Simultaneously with the advent of the Second Ordinance, the MCA also issued the Companies (Incorporation) Amendment Rules, 2019 (Incorporation Amendments) on the same date. The Incorporation Amendments introduced (with effect from 25 February 2019) a new Rule 25A under the Companies (Incorporation) Rules, 2014, wherein every company incorporated on or before 31 December 2017 shall file with the RoC the prescribed particulars of its registered office in Form INC-22A [Active Company Tagging Identity and Verification (ACTIVE)] on or before 15 June 2019. A nonfiling to this effect entitles the RoC to ultimately remove the name of such a company from the Register.

Therefore, by way of the Second Ordinance and the Incorporation Amendments taken together, the MCA has strongly dealt with the existing shell companies and has taken steps to deter the formation of any future shell companies.

Analysis Of Recent Amendments

On a review of the form ACTIVE, it seems that this form is a comprehensive checklist for numerous vital legislative requirements under the 2013 Act. For instance, as a prerequisite for filing of form ACTIVE, a company must have filed its annual returns and/or financial statements with the RoC (except when the company is under a management dispute). Further, the company is required to mention the number of directors, (thereby ensuring that the minimum number of directors’ criteria is met) and their Director Identification Number (DIN) [thereby ensuring that their DINs are approved (and not de-activated)]. The form also requires details of the statutory auditors, chief financial officer, managing directors, whole-time directors and company secretaries, thereby ensuring their appointments, wherever required under the 2013 Act. This seems to add an extra (in addition to the already existing penalty regime) and severe consequence (of removal of the name of a company from the Register) for the foregoing noncompliances. The companies are also required to attach along with form ACTIVE, the photograph of registered office showing external building and inside office and showing therein at least one director/key managerial personnel.
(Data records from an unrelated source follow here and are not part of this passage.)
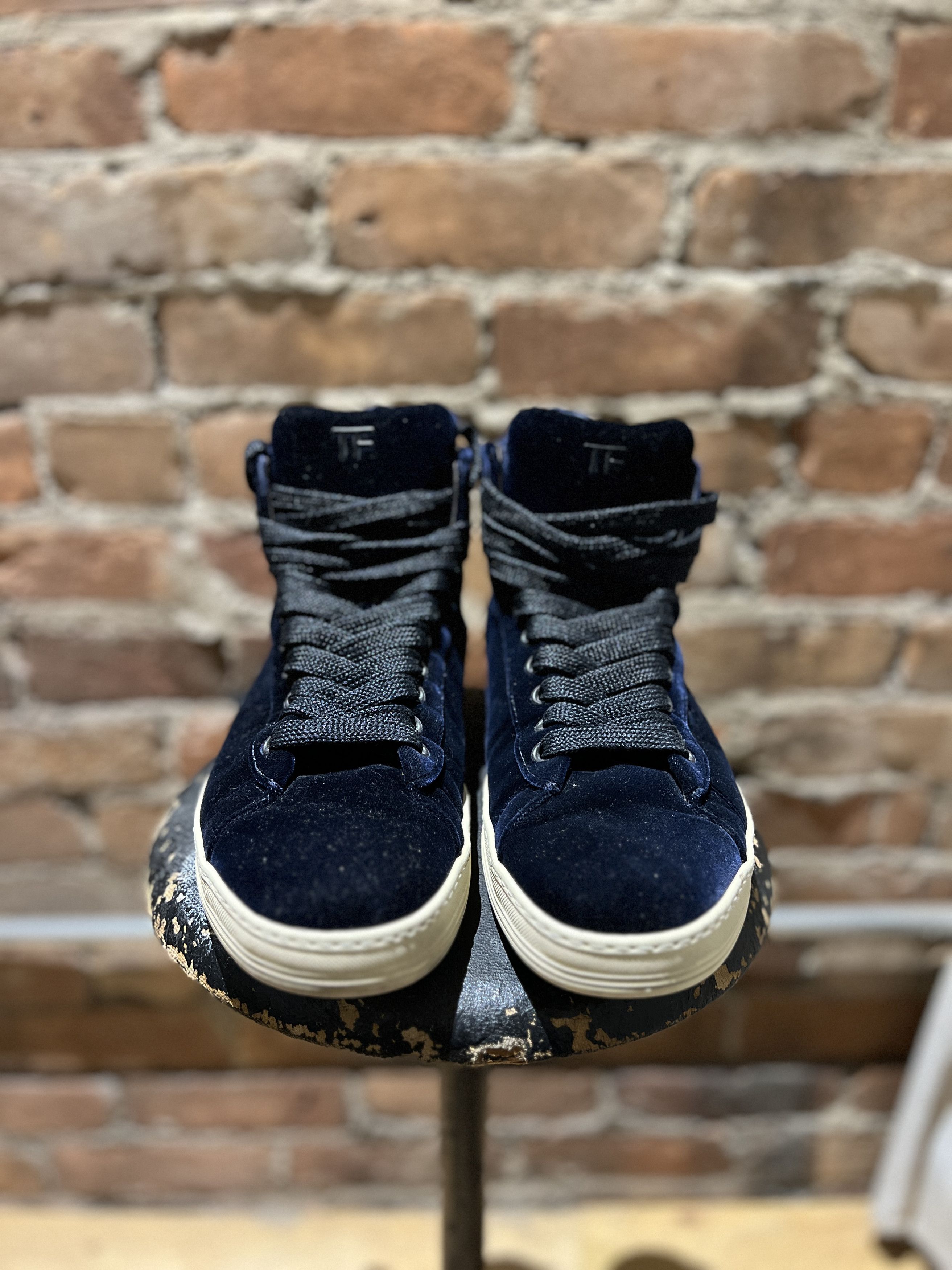 Tom Ford Tom Ford Russel Velvet High-Top Sneakers – Navy | EU 41 Size US 8 / EU 41 - 1 Thumbnail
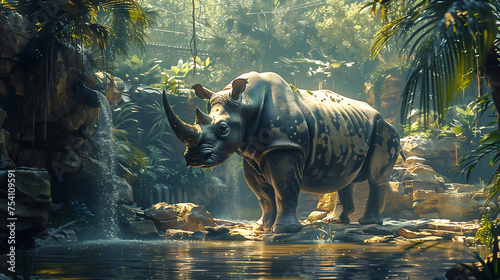 rhinoceros on river AI Image Generative © Anditya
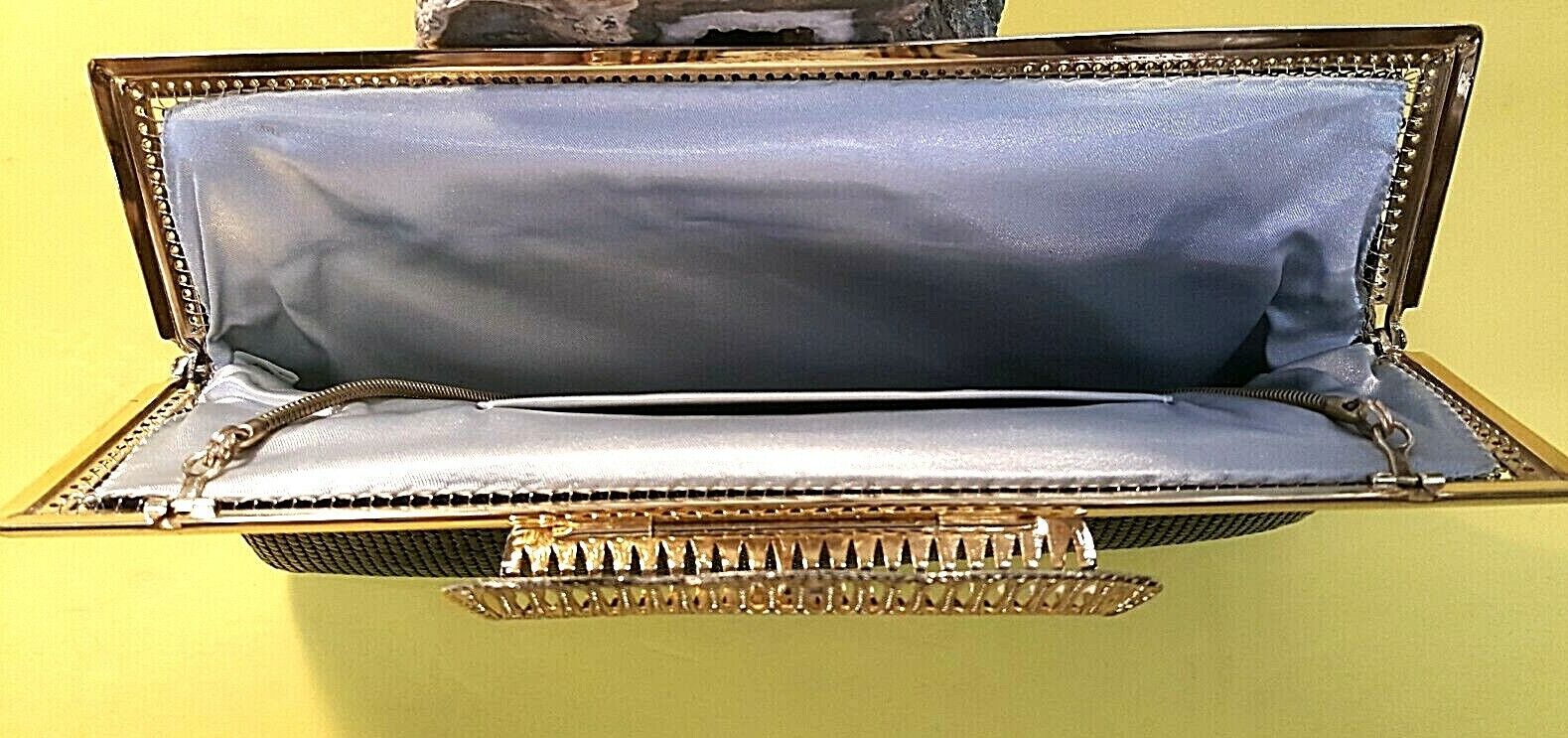 VINTAGE FAY SWAFFORD 70'S ORIGINAL BLACK MESH EVENING CLUTCH BAG, MINT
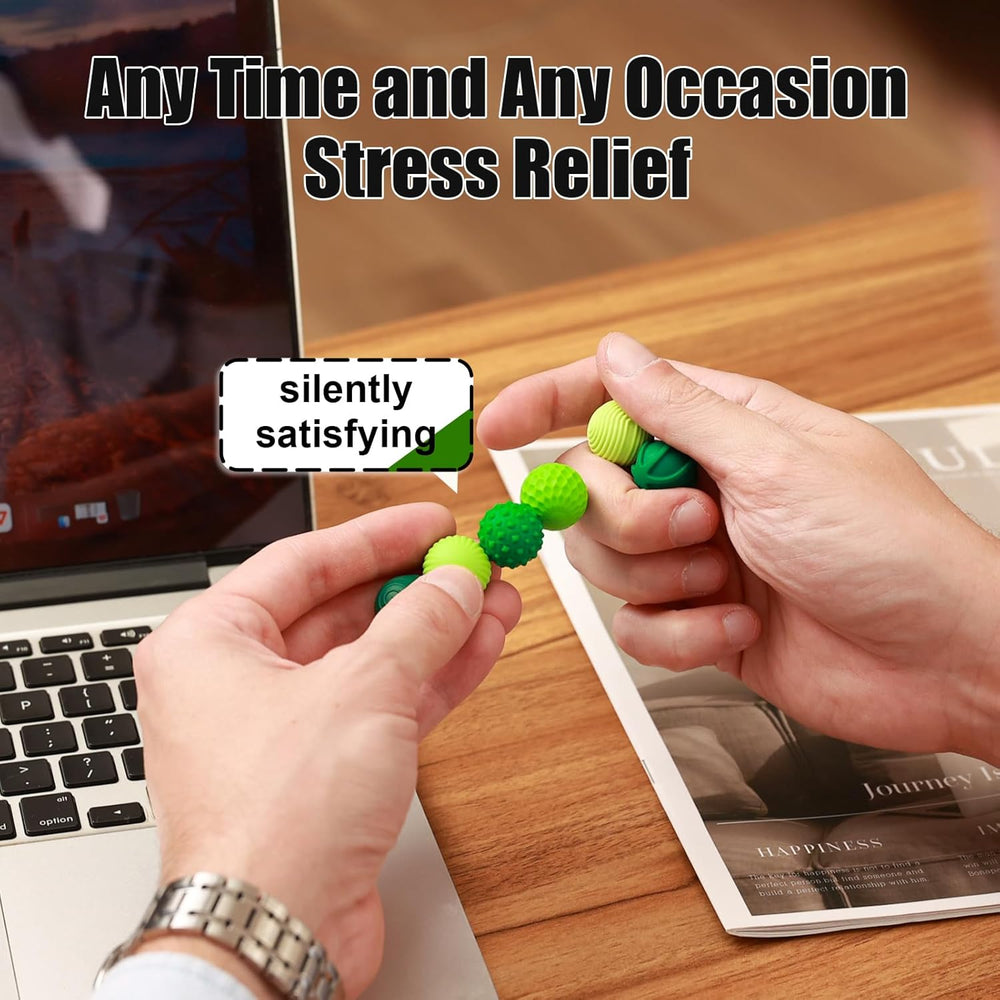 Silicone Magnetic Balls, Fidget Toys, 6-Pack Stress Relief Toys for Adults, Teens, Sensory Toy for Fingers Hands, Quiet Office Desk Toys with Textures, Magnet Fidget Fun Gift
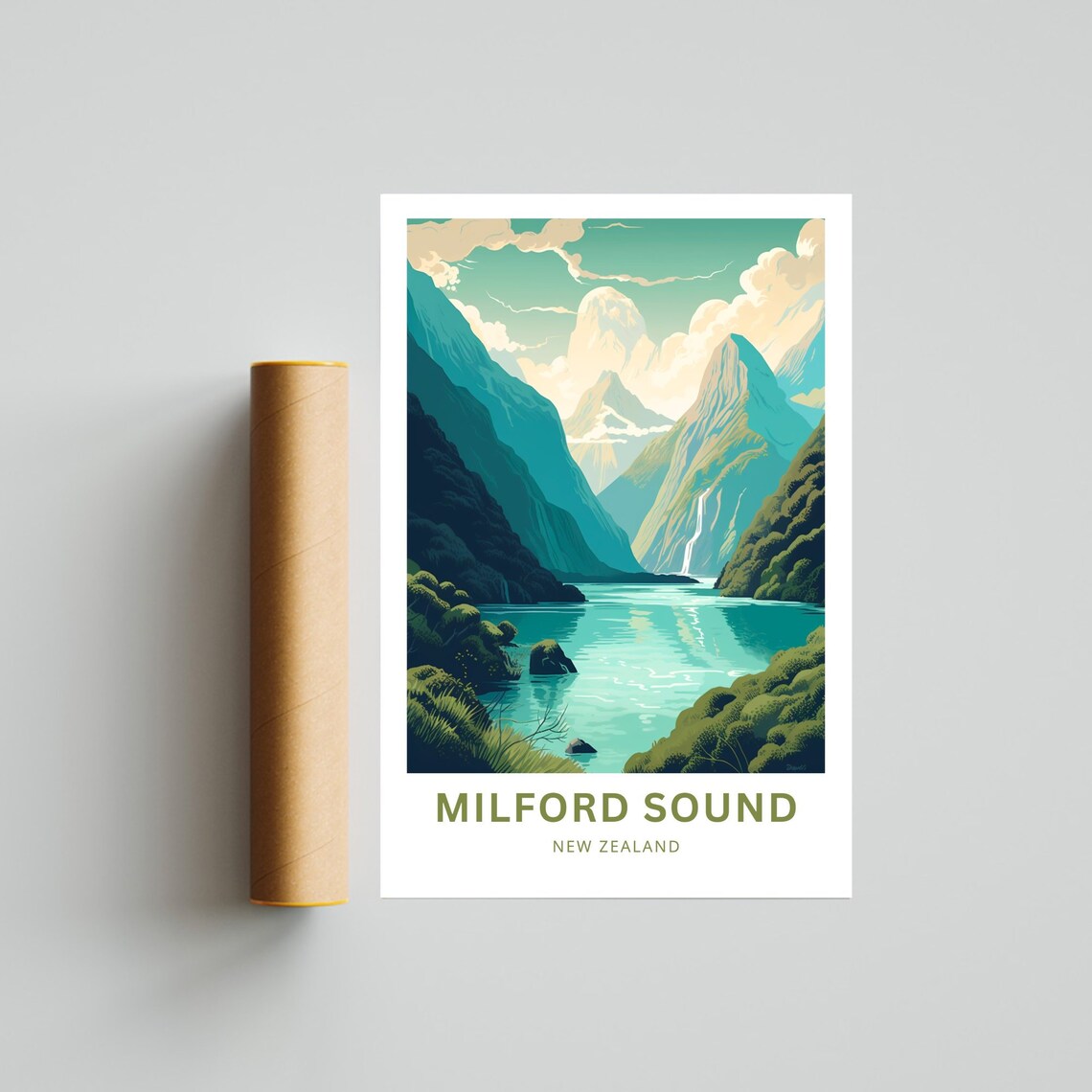 Milford Sound New Zealand Fjord Waterfalls Personalized Travel Poster - Image 4
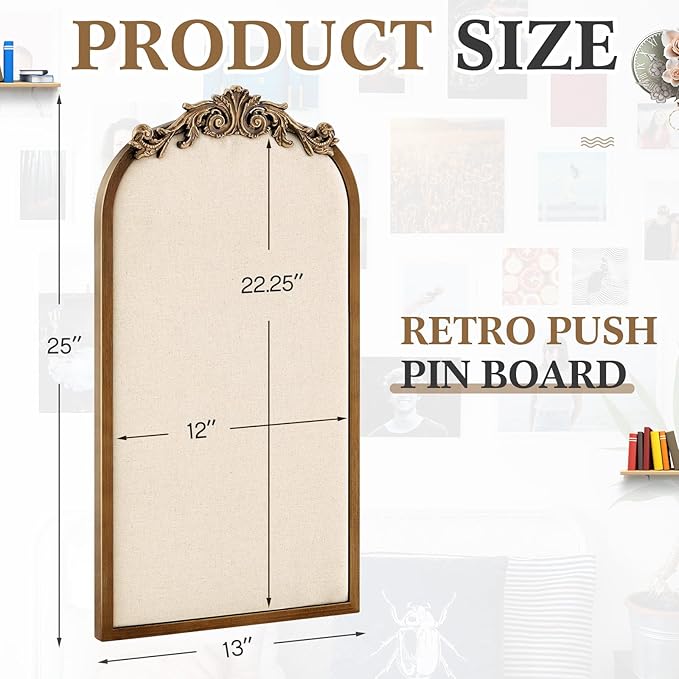 Vintage Framed Pin Board Linen Display Bulletin Board Large Cork Fabric Picture Photo Pinboard Memo Ornate Decorative Pinboard Ornate for Wall Gift(Arch,13" X 25",Vintage Golden)
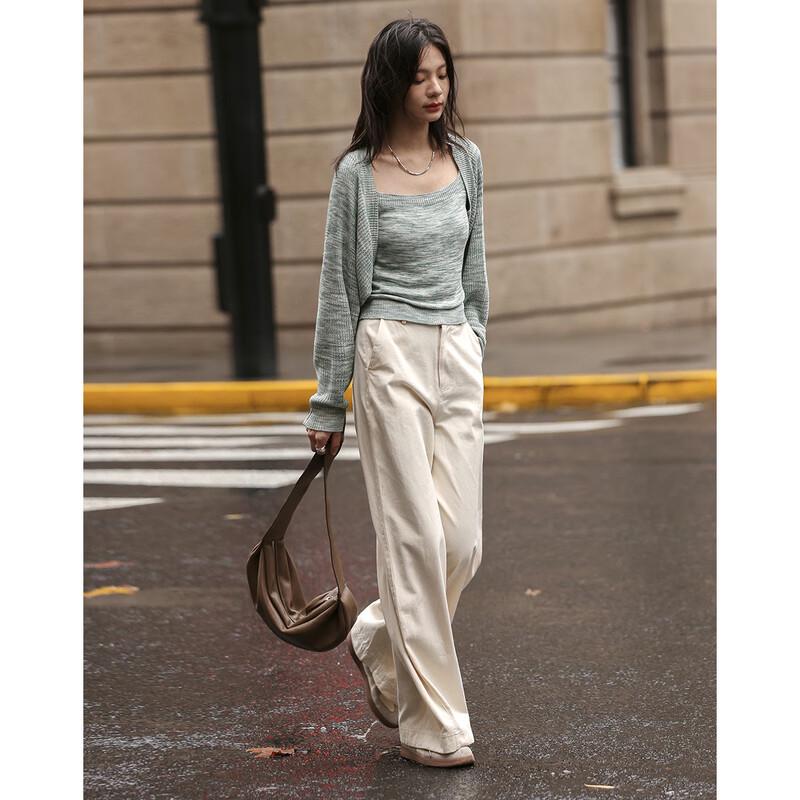 Demana Women's Washed Cotton-Feel Relaxed Wide-Leg Casual Pants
It is interesting to note that whilst the non-filing of form ACTIVE on or before 15 June 2019 would end up in the non-compliant companies being marked as “ACTIVE Non-Compliant”, they very well have the option to become “ACTIVE Compliant” later by filing form ACTIVE along with payment of rupees ten thousand. Further, the new amendments also provide that an “ACTIVE Non-Compliant” company shall be liable to be struck off by the RoC. However, no time period has been provided within which a company must avail the option of payment of the said amount and achieving the “ACTIVE Compliant” status in order to avoid being potentially struck off by RoC.

In light of the lesser difficulties and checks one has to face while incorporating a company in India, burgeoning of shell companies in the economy was a natural consequence. Further, the removal of the requirement of minimum paid up share capital for companies, was touted by many as a move which may give way to shell companies to thrive. Therefore, it was the need of the hour to introduce sufficient checks and balances in the current legislative regime to curb the menace of shell companies. However, whether the implementation of the new amendments would be as ambitious as the amendments themselves, is a story that only time will tell.

Disclaimer – The views expressed in this article are the personal views of the authors and are purely informative in nature.